Video conferencing, once the exclusive domain of expensive, dedicated-hardware solutions that could cost tens of thousands of dollars a seat, is now fast becoming a commodity. Not just because of cheap HD video cameras that come built into iPads and smartphones, or free online services such as Skype, but because the hardware infrastructure that drives such systems is no longer limited to costly proprietary devices.
Vidyo is one incarnation of the forces behind this process. Founded in 2005, Vidyo has created a platform for video conferencing that works with existing hardware--networks, cameras, and servers--instead of requiring proprietary systems. What's more, the company makes its platform available a virtualization-friendly appliance.
Existing clients include NASA, for which Vidyo provided cross-integration with the agency's existing legacy videoconferencing systems--and, most interestingly, Nintendo, as Wii U's video chat system is an implementation of Vidyo's technology. Vidyo also licenses its technology to third-party telepresence and web-conferencing outfits such as Teliris and Arkadin.
Vidyo's approach revolves around its VidyoRouter architecture, which works over standard IP networks and does not require IT to apply QoS settings on the network.
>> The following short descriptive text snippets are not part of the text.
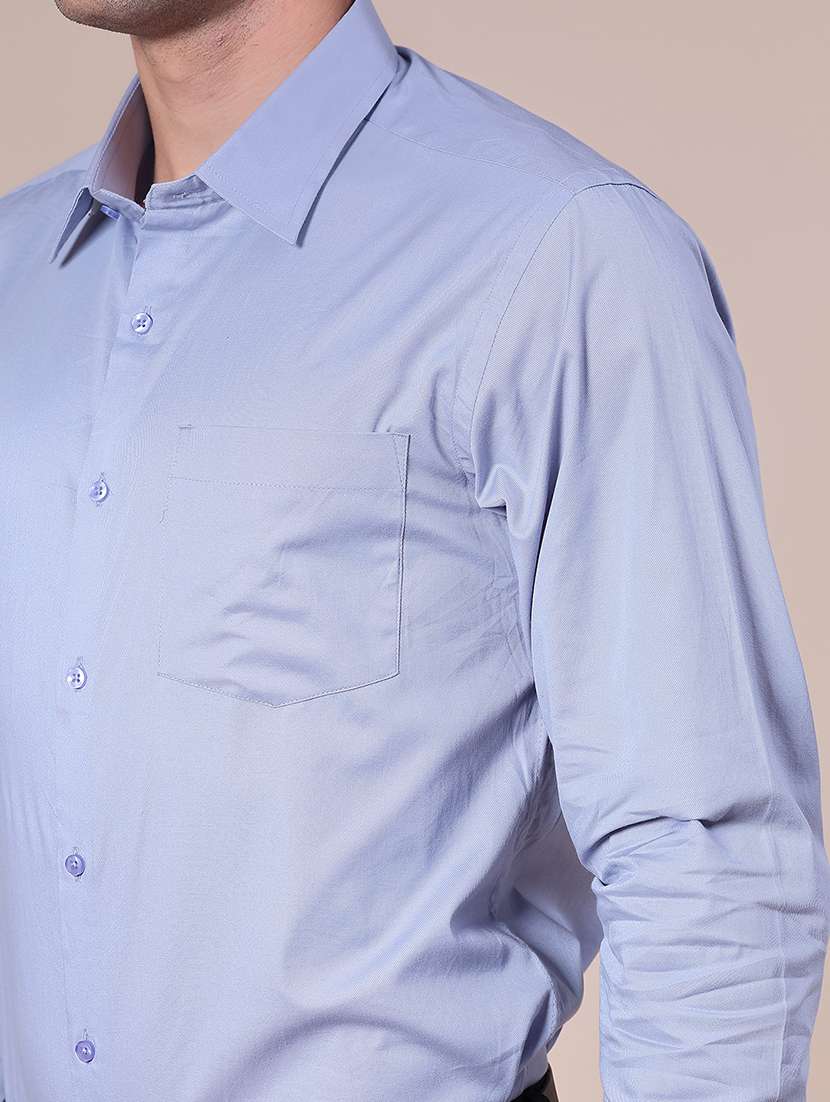men solid long sleeve collared shirt - 21906422 -  Standard Image - 5
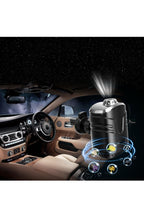 Luces de estrella para automóvil, proyector de estrellas con ambientador, luz am0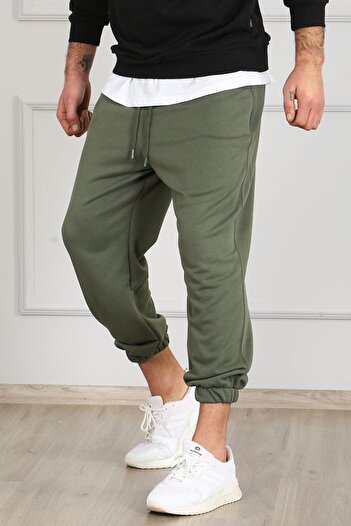 Madmext Ανδρική αθλητική φόρμα Khaki Oversize Short Leg 4832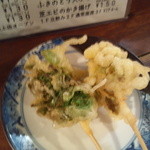 晩杯屋 - ふきのとうの天ぷ130円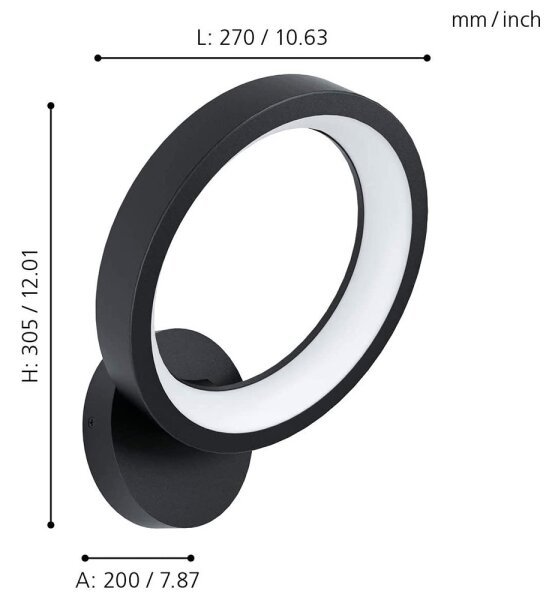 Eglo 99028 - LED RGB Stmívatelné nástěnné svítidlo MARGHERA-C LED/16W/230V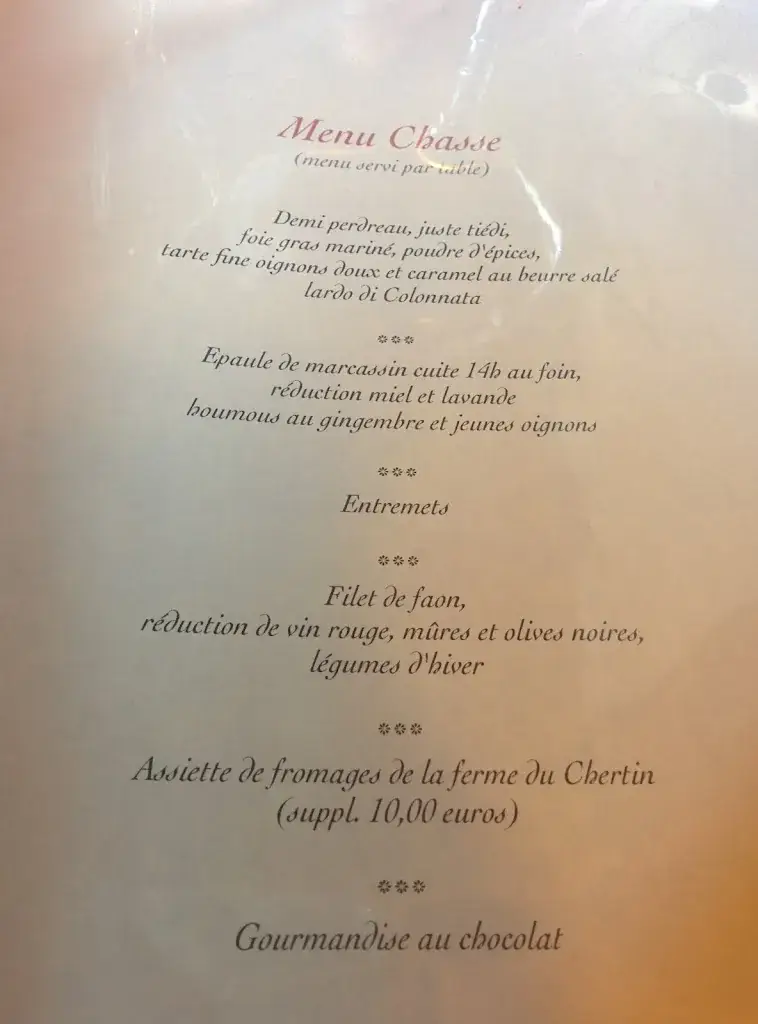 Menü_Restaurant La Fermette_Onhaye_Bild_1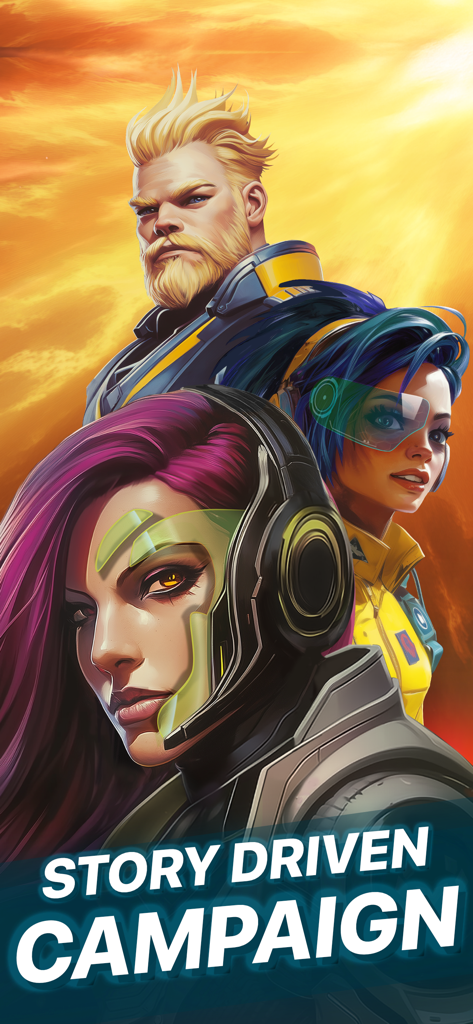 Phoenix 2 - Sci-fi pilot characters from Phoenix 2 illustrating the story driven campaign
No proprietary codecs are used; it's all industry-standard H.264/SVC, with plenty of existing hardware-accelerated support.
To keep the load on the server light, multiple video signals aren't re-composited into a single feed; instead, the H.264/SVC stream already includes multiple resolutions and frame rates, so the client can automatically adapt to poor network conditions by reducing picture quality.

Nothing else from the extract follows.